7 Ways to Help Six Sigma Change Take Root
The pull of old habits and engrained ways of doing business is a force more powerful than we acknowledge. However, there are several tools that Six Sigma project teams can use to help ensure that new projects become a permanent part of doing business.
Force Field Analysis – This analytical tool acknowledges that there are two opposing factors – enabling forces and resisting forces – that determine if a change lasts or perishes.
For example, if the proposed change is purchasing new manufacturing equipment, factors that support the change include: higher productivity, lower product cost and better product quality. These are all the enabling forces. They are opposed by resisting forces which include: cost of new equipment, disruption of production and employee fear of new technology.
When enabling forces and resisting forces are equal nothing will change. Force field analysis helps project teams identify where to focus their energies. The creator of Force Field Analysis, Kurt Lewin, taught that the most elegant way to implement change is to reduce the intensity of restraining forces.
The best way to implement the change of purchasing new manufacturing equipment is not simply by placing more emphasis on the enabling forces of lower product cost and higher productivity. It comes through weakening the resisting forces by providing employee training and reducing new equipment costs.

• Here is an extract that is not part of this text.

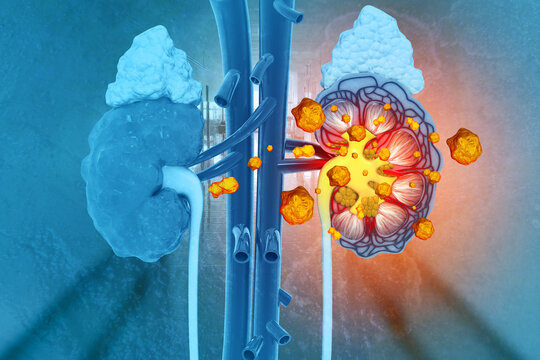 Kidney stone disease. Renal colic. Human Urinary System. 3d illustration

Making Change Last Checklist
This is another tool to help institutionalize Six Sigma change in the organization. This list has six components to help the project team make change last:
- Early Successes – When a Six Sigma team builds quick and early progress into the project plan, it creates positive morale and momentum. Connecting early success to larger, more long-term elements of the project helps sustain it over time.

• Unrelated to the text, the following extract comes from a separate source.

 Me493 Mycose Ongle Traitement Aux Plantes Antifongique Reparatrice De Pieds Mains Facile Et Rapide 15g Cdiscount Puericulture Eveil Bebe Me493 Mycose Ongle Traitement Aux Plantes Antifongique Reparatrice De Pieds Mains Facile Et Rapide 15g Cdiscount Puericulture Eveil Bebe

- Commitment – If a Six Sigma project is going to make it from the white board to the factory floor, it requires commitment: support and energy from project sponsors, time and resources from employees and funding from the company. Winning these commitments helps the new process take hold. An organization best demonstrates its commitment to a new process by burning its bridges and pulling the plug on the old process. This eliminates failure as an option.
- Excitement – Don’t underrate this important factor in making process change permanent. Excitement is not only for game show audiences; it plays an important role in sustaining a project from implementation to institutionalization. The project team does more than simply make a plan for change. The Six Sigma change team is also responsible for communicating and conveying the exciting benefits of deploying the new process.
- Resources – Leadership can greatly increase the odds of a change becoming institutionalized by providing resources of time and money to make the project fully operational.
- Integration – The new process must work and play well with existing processes. Part of the project team’s responsibility is to make sure that new processes dovetail smoothly with existing processes. Open communication between departments helps ensure that new and existing processes can work together harmoniously.
- Learning from Experience – What the Six Sigma project team learns in creating a new process can be just as valuable as the process itself. The team can record this information and help the change become part of daily operations by creating detailed process documentation.
No matter how beneficial a new change may be, there is always the pull of inertia back to the old way of doing things, even if it didn’t work very well to begin with. Your team must fight to instill change, even changes that everyone agrees on. Follow the seven steps above to help overcome the natural imperative of resisting change.